Start in the Right Place
If you don't already have an overseas presence or a big budget for global expansion, starting with the UK or US - even via partners - may not be the best choice. Moving sequentially outward in geographical waves might make more sense, and it looks a bit like this:
- First prove your technology in Australia. When it comes to IT software, the local market is as mature as any in the first world so, if it works here, it will work in Asia, Europe and the USA. You can also forge relationships with partners located in Australia who have global offices to help your expansion.
- Overseas starts across the ditch (like it or not). New Zealand may not offer the enormous riches of the USA, but it’s a convenient place to test assumptions and become familiar with the logistics, challenges and cultural differences in other countries. It's also a short flight with just a two-hour time difference – and if things don’t work out straight away, the whole world won’t be watching and your powder will still be dry.
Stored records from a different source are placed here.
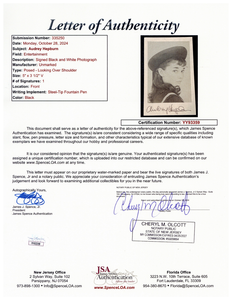 Aubrey Hepburn from Breakfast at Tiffanys with JSA Authenticated Signature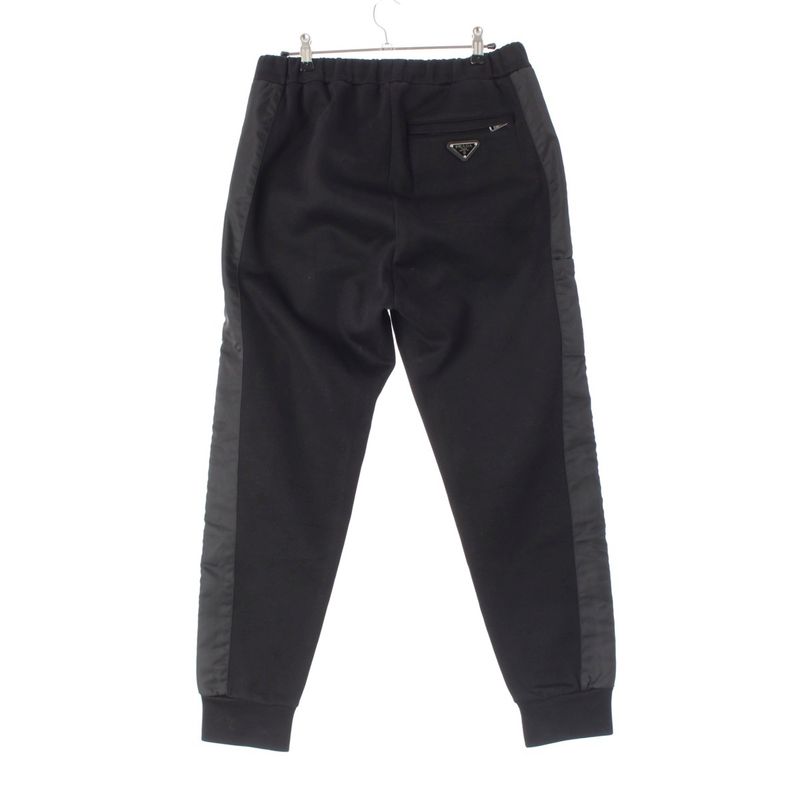 Prada Re-nylon Sideline Triangle Logo Jogger Pants Bottoms Ujp180 Black S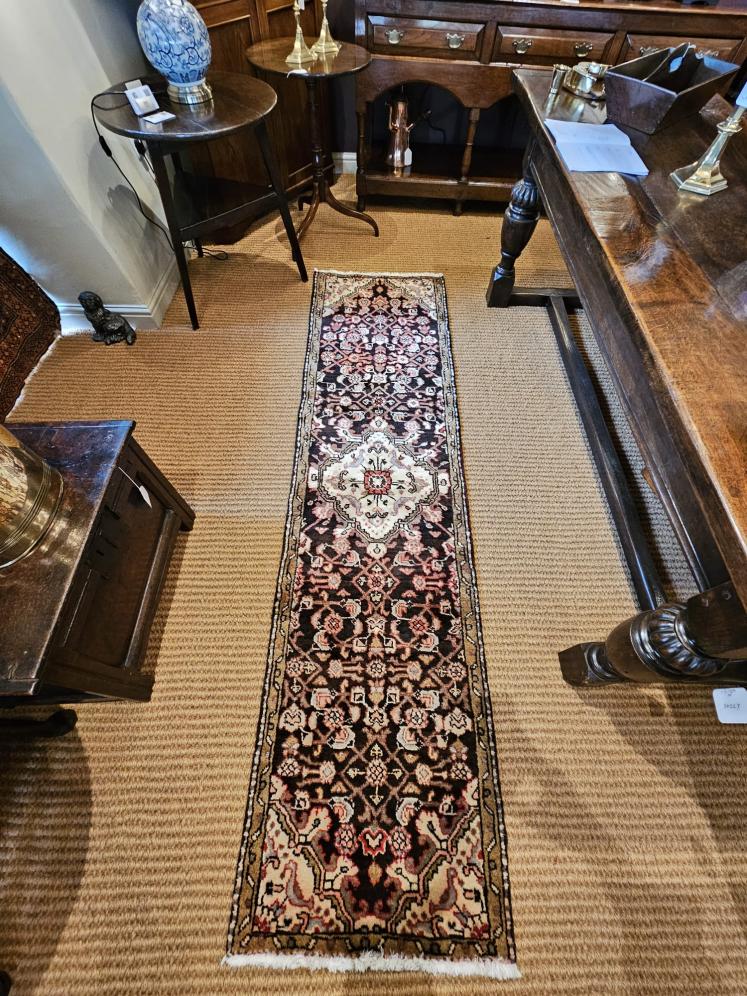 8' Persian Pure Wool Runner Rug - Image 1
- Next stop: Asia-Pacific. Singapore, Malaysia, South Korea and Taiwan are major tech exporters and heavy users of advanced technology. Singapore is the easiest starting point, in terms of flight times and time zones, but also culture and sophistication. Singapore is a cosmopolitan market with exposure to cultural differences.
The Bottom Line
So, the simple answer to the question ‘How to sell your great technology overseas' is: 'Walk before you Run. Run before you Fly'.
The image in the header is Icarus, the character in Greek mythology who wanted to fly. He ignored advice from his father, Daedalus, and headed straight for the sun. The result: melt, crash and burn. Not a pretty sight then or for a tecnology company 2,500 years later.